### About this task
Could you write out the listing below exactly as it stands, leaving out the pictures?

### Material provided

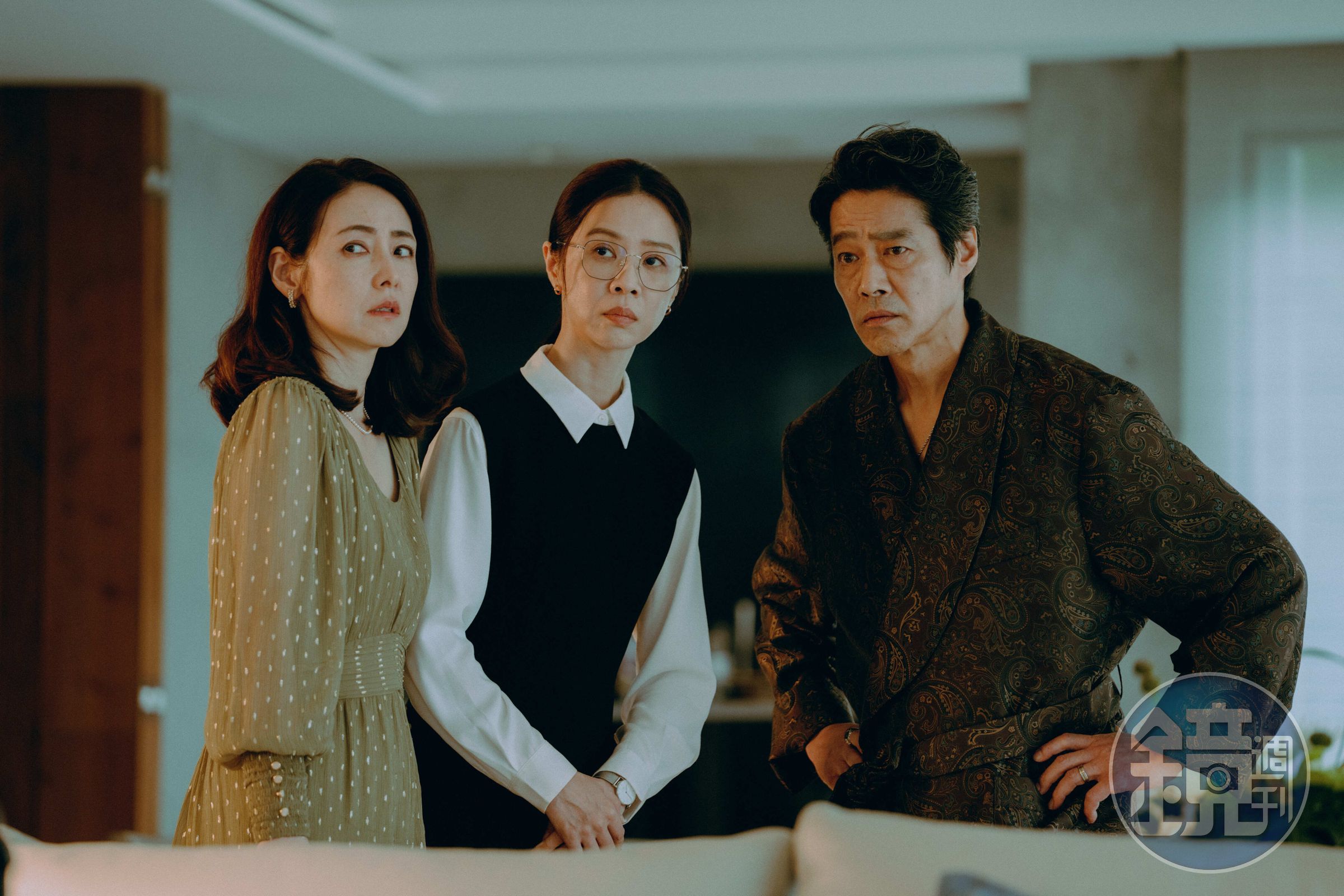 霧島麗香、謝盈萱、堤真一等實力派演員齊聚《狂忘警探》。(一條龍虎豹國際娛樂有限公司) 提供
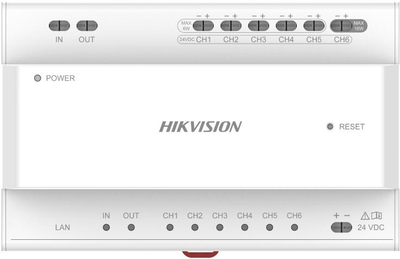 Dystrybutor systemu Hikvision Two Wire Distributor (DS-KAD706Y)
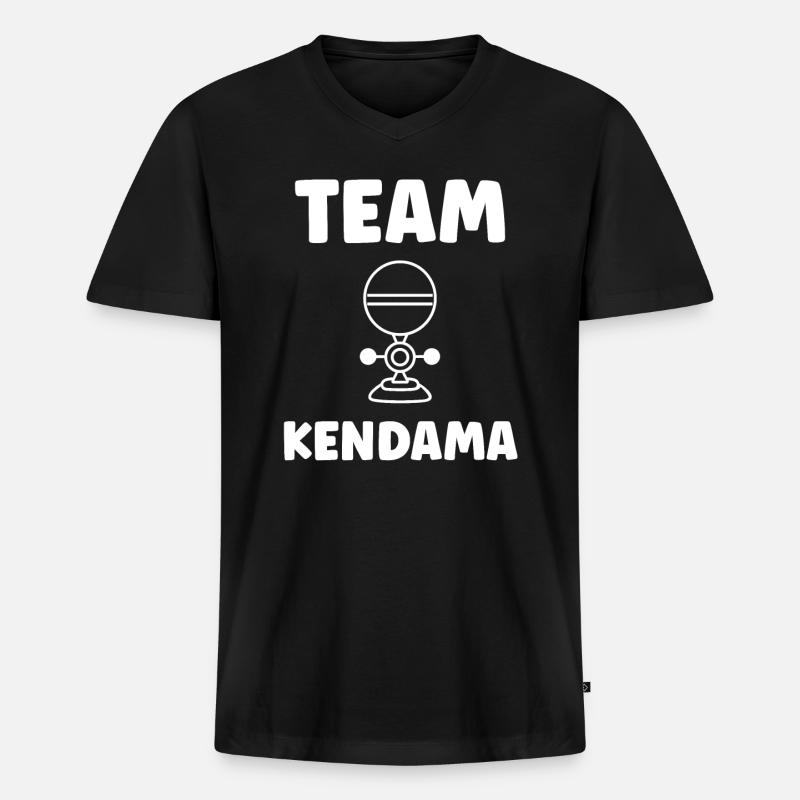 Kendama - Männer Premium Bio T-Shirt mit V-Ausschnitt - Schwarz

### Answer area
 霧島麗香、謝盈萱、堤真一等實力派演員齊聚《狂忘警探》。(一條龍虎豹國際娛樂有限公司) 提供
 Dystrybutor systemu Hikvision Two Wire Distributor (DS-KAD706Y)
 Kendama - Männer Premium Bio T-Shirt mit V-Ausschnitt - Schwarz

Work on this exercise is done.